Mom, Dad, I gotta come clean with you now that I’m safely back home. During this last month of travel through Chile, I’ve been almost exclusively hitch hiking. I feared my decision would get the same reaction as if I told you I had taken up a drug habit or I’m rushing into a marriage with a South American sweetheart. One of those decisions that kind of just happens and everyone is sure I don’t know what I’m getting into. But I’m here to tell you that my this was one of the best travel decisions I made.

When I first arrived to Colombia, I had all the nervousness of being in a new country. A few timid trips to get food; a short bus ride to the beach; that was about my thresh hold before I felt like I needed to retreat to safety. But after 11 months, the routine of catching buses, staying in hostels, and day trips seemed well within the comfort zone. My current mission was to collect stories for my great grand-kids. That was something I couldn’t do firmly in my comfort zone.

So I found myself on the side of the road in the Atacama Desert, feeling somewhat foolish, and doubting my chances of making it to Patagonia in a month. That first day I made it only 100 km, and ended up camping behind the police station in Cuya (10 points if you can find it on a map). Buses had passed by, and I had stubbornly refused them, insisting to my self that I was going to do this all via hitching. But after 24 hours in Cuya, I changed strategies, took a bus the shortest distance possible which happened to drop me off in a ghost town.

Over the next month I took a few more buses but focused on hitching. Sometimes it was out of necessity, like in Patagonia where buses only ran once a week. But mostly it was a choice.
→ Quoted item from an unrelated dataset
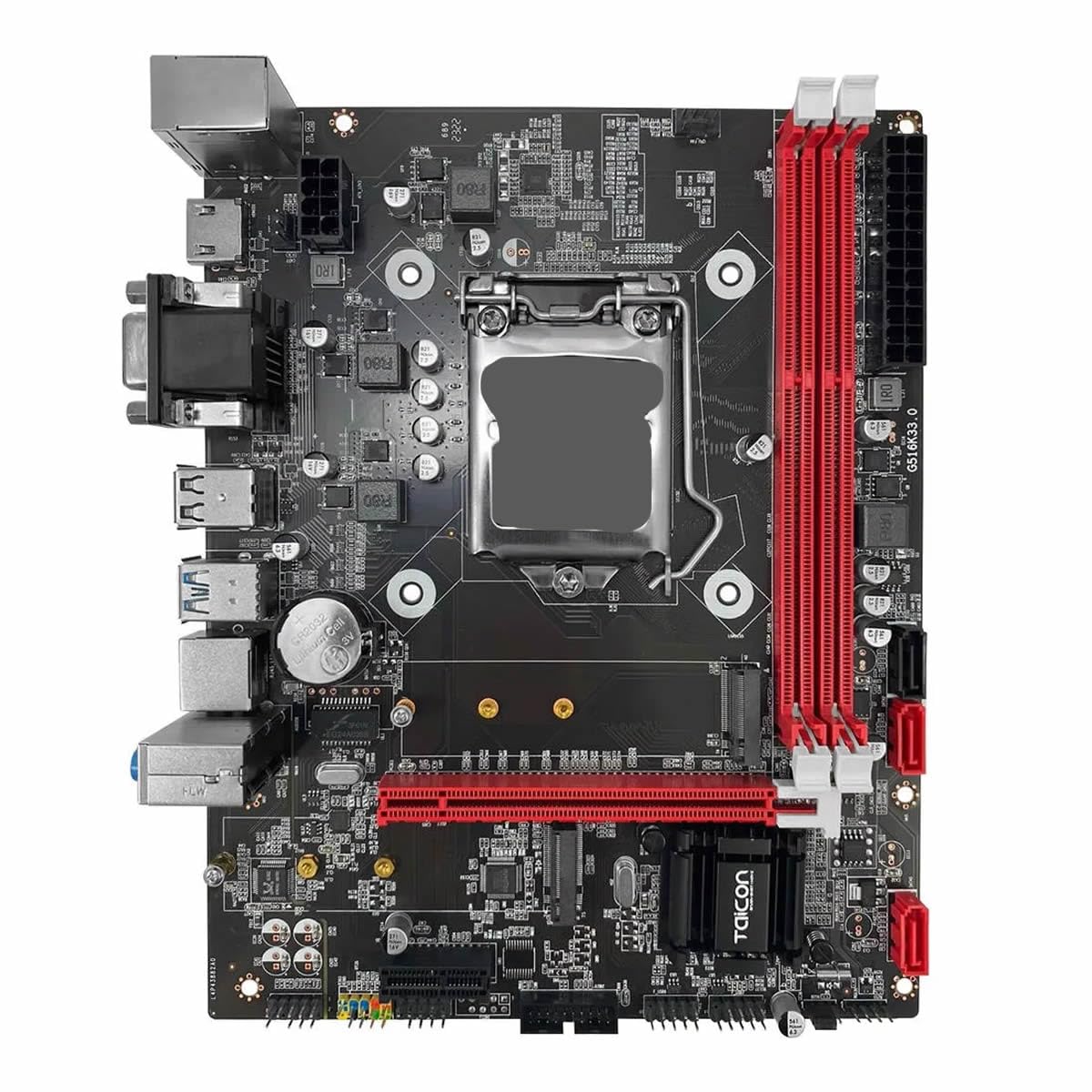 CPU INTEL CORE I7 4790, B85M, NVME, 16GB DDR3, 500W REAL, WINDOWS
I could take a bus, zone out, listen to music, and wonder what was passing me by. Or I could stick my thumb out, speak Spanish, meet people, and hear the stories roll through the landscape.

These guys stopped at every broken down truck and helped them get back on the road
These guys stopped at every broken down truck and helped them get back on the road
At one stop, Edger pulled out two skateboards he just bought in Iquique. We had a massive session in the middle of the desert, ollying over little rocks and carving down the road.
At one stop, Edger pulled out two skateboards he just bought in Iquique. We had a massive session in the middle of the desert, ollying over little rocks and carving down the road.
I helped this hilarious guy deliver fruit for a morning. He had me eat plums in front of potential clients and talk about how sweet they were.
I helped this hilarious guy deliver fruit for a morning. He had me eat plums in front of potential clients and talk about how sweet they were.
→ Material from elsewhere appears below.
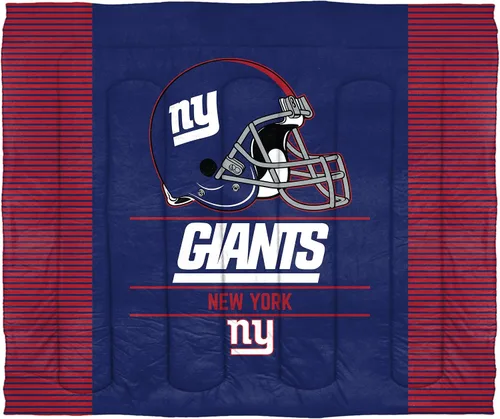 Vista 6 de Northwest NFL Unisex-Adult Comforter and Sham Set Safety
So, ma, pa, I hope I haven’t given you any more anxiety about your kids traveling. I know I’ve probably already already given you enough as it is already. I was never naive about risks, and always scoped out potential rides before getting in. But the way I think, riding a bus, riding a bike, walking, or staying in your house, also has danger. Being in a car with a stranger isn’t as scary as holding back and regretting all the adventures that could have happened. Ultimately, when faced with a dangerous world what else can you do but use your gut, trust God, and throw yourself into it?